## Exercise directions
Reproduce, unchanged, the lines between the one holding "Após morte de" and the last line of the records, including both ends, but no pictures.
[[ Data under study, beginning ]]
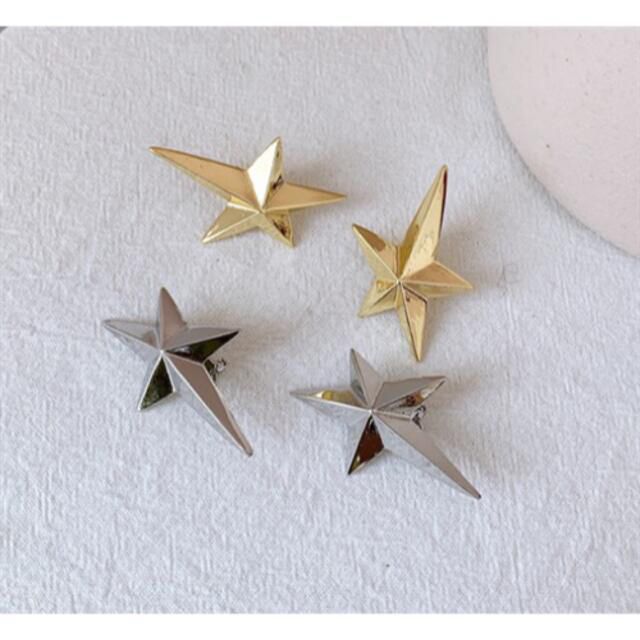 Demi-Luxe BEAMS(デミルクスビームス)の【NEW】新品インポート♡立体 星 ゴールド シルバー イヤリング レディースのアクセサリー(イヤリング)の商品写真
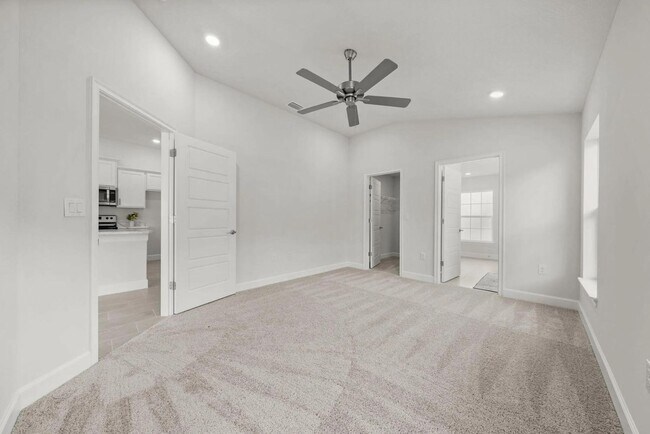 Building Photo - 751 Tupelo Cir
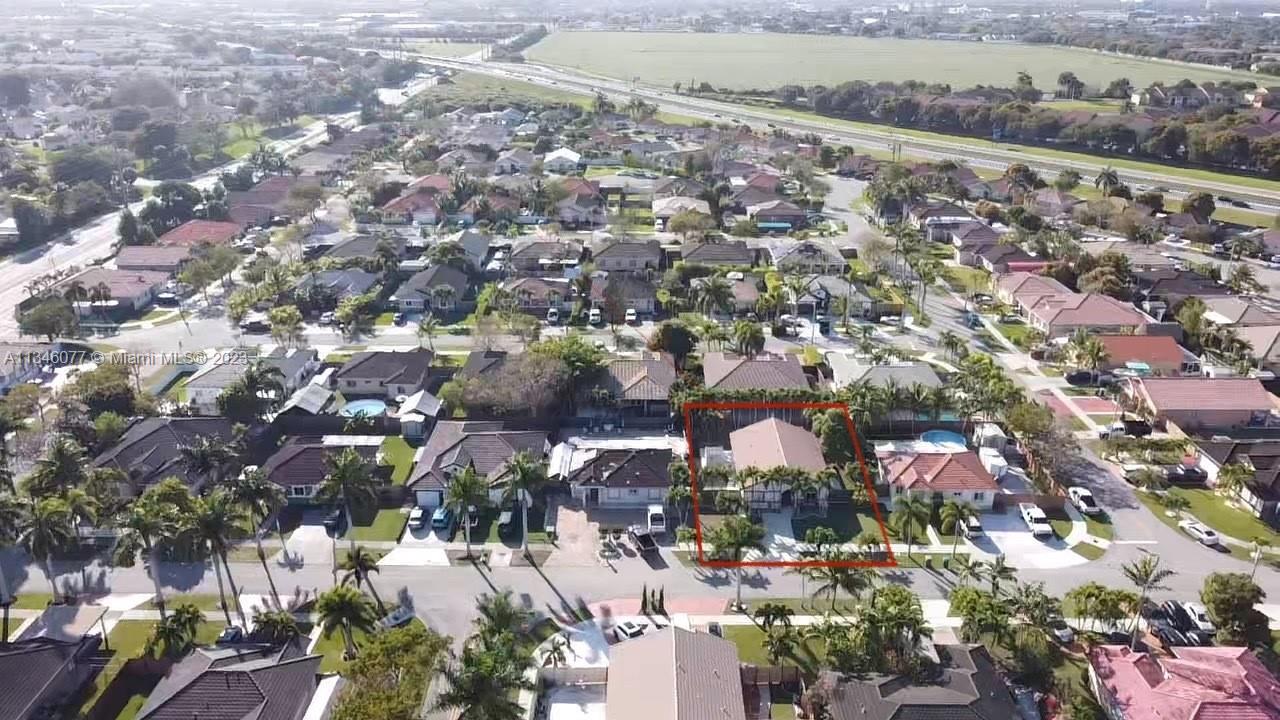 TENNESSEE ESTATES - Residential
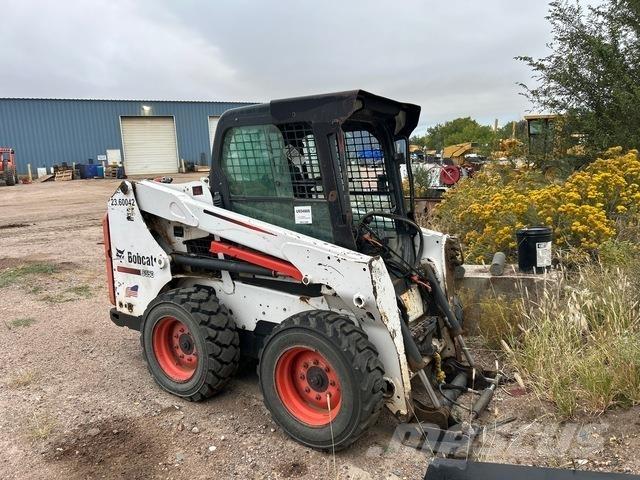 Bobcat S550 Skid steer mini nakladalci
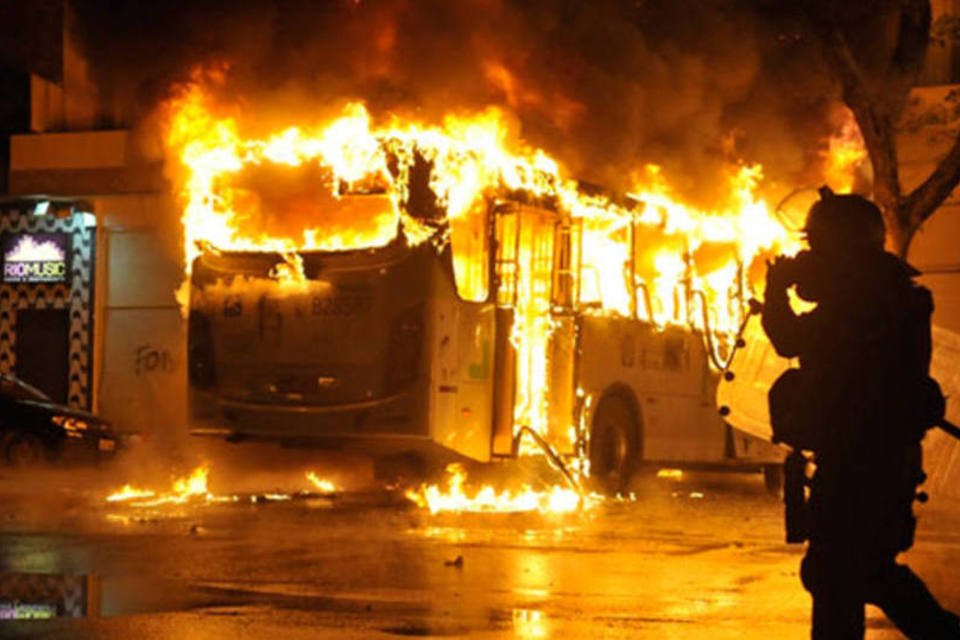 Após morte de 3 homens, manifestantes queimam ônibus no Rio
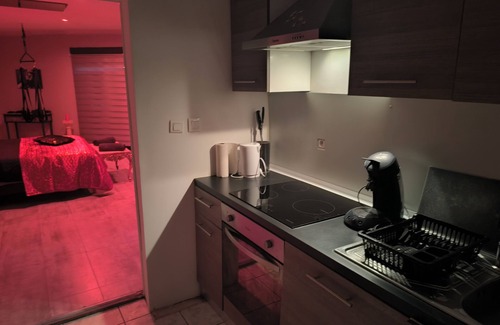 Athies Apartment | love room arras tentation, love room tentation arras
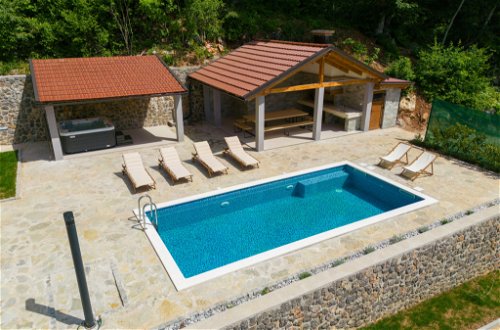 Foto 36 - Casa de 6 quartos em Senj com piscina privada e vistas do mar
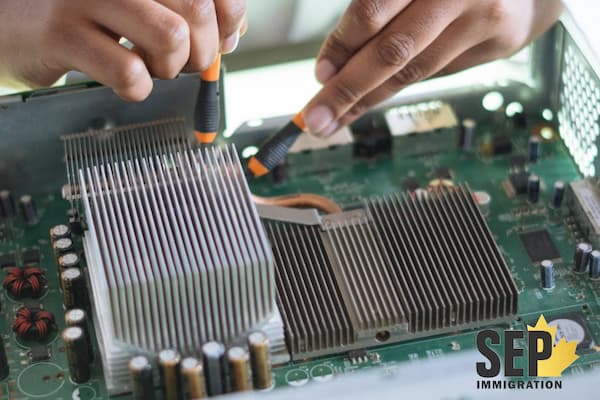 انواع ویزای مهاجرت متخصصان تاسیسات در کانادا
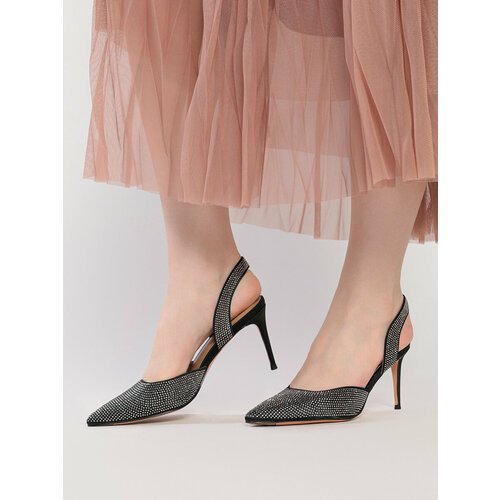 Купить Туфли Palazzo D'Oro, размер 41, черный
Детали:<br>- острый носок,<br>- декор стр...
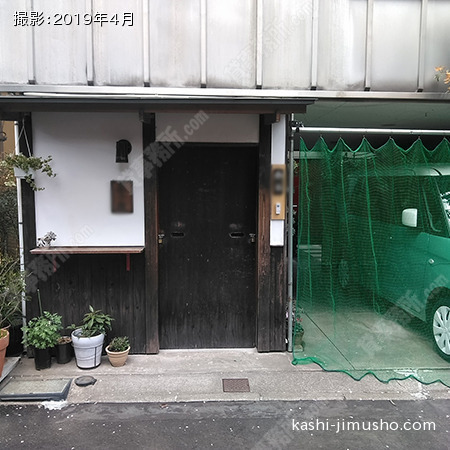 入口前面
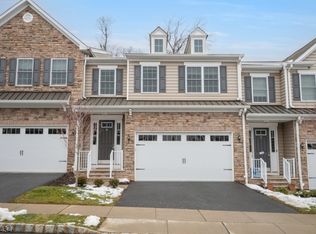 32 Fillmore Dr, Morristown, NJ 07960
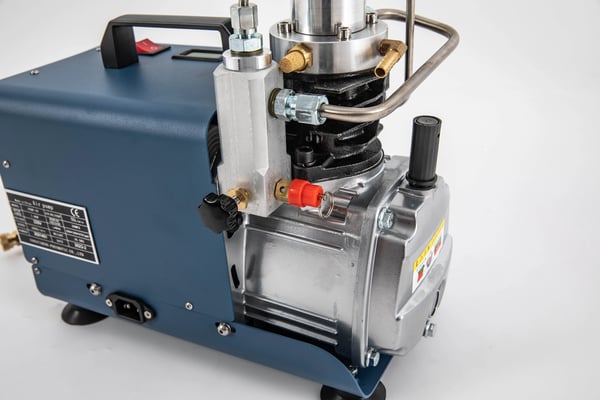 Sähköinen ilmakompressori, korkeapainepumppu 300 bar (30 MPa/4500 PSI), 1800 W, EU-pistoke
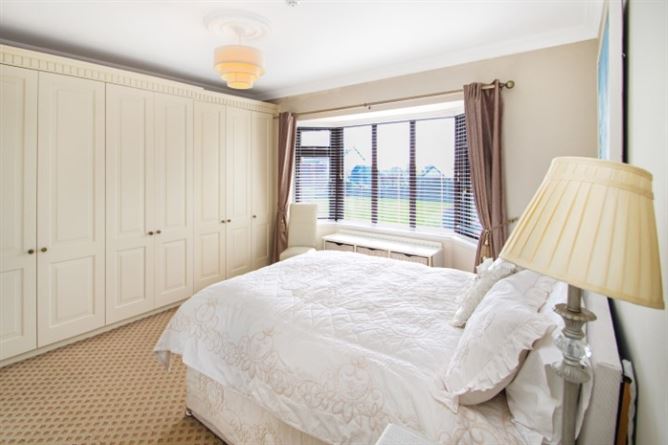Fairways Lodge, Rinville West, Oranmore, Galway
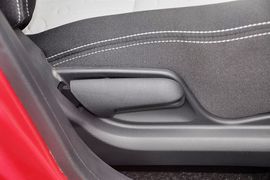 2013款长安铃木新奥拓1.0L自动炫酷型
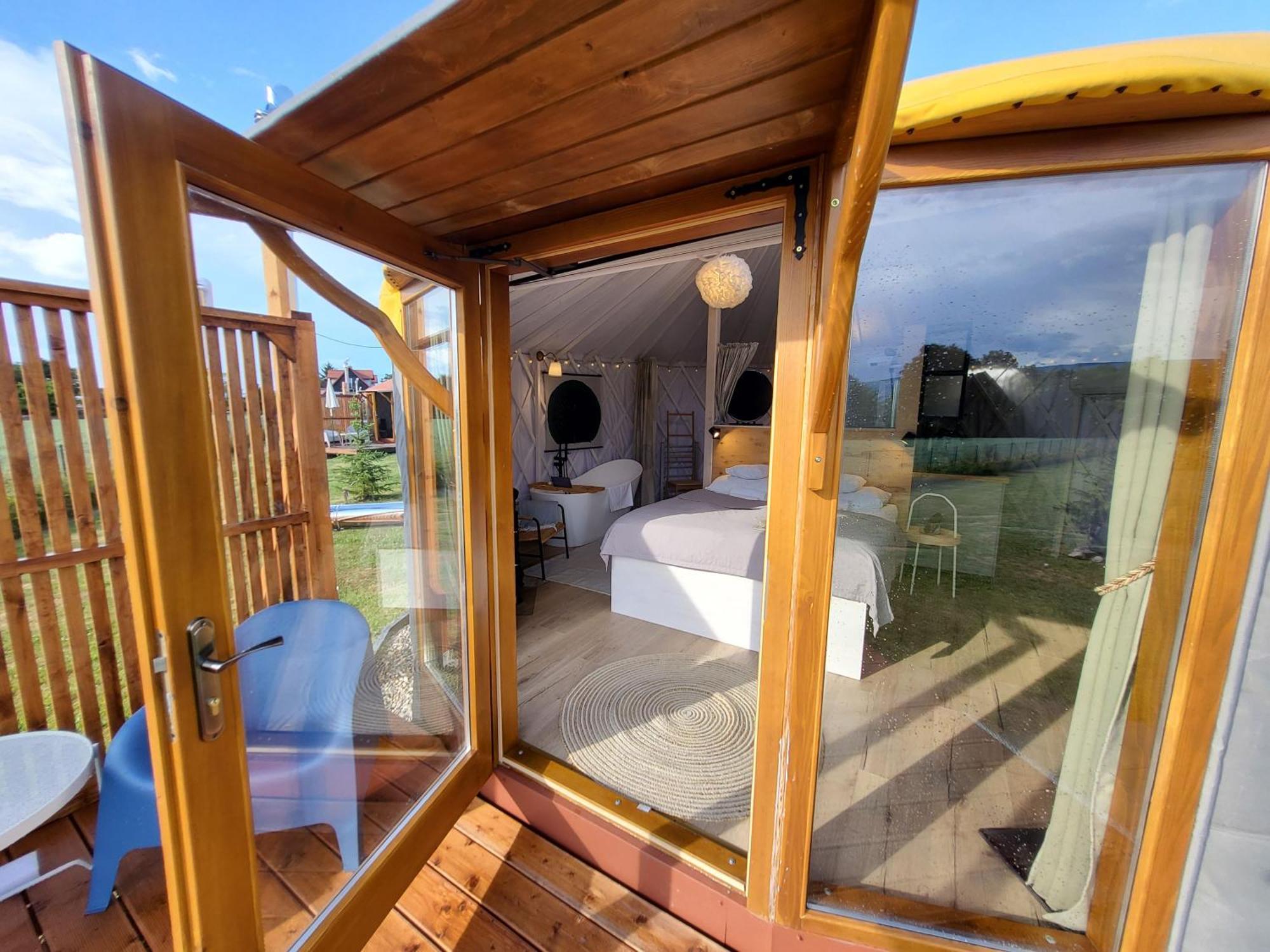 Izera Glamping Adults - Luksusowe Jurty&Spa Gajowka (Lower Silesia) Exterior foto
[[ Data under study, end ]]
## Exercise answer
 Após morte de 3 homens, manifestantes queimam ônibus no Rio
 Athies Apartment | love room arras tentation, love room tentation arras
 Foto 36 - Casa de 6 quartos em Senj com piscina privada e vistas do mar
 انواع ویزای مهاجرت متخصصان تاسیسات در کانادا
 Купить Туфли Palazzo D'Oro, размер 41, черный
Детали:<br>- острый носок,<br>- декор стр...
 入口前面
 32 Fillmore Dr, Morristown, NJ 07960
 Sähköinen ilmakompressori, korkeapainepumppu 300 bar (30 MPa/4500 PSI), 1800 W, EU-pistoke
Fairways Lodge, Rinville West, Oranmore, Galway
 2013款长安铃木新奥拓1.0L自动炫酷型
 Izera Glamping Adults - Luksusowe Jurty&Spa Gajowka (Lower Silesia) Exterior foto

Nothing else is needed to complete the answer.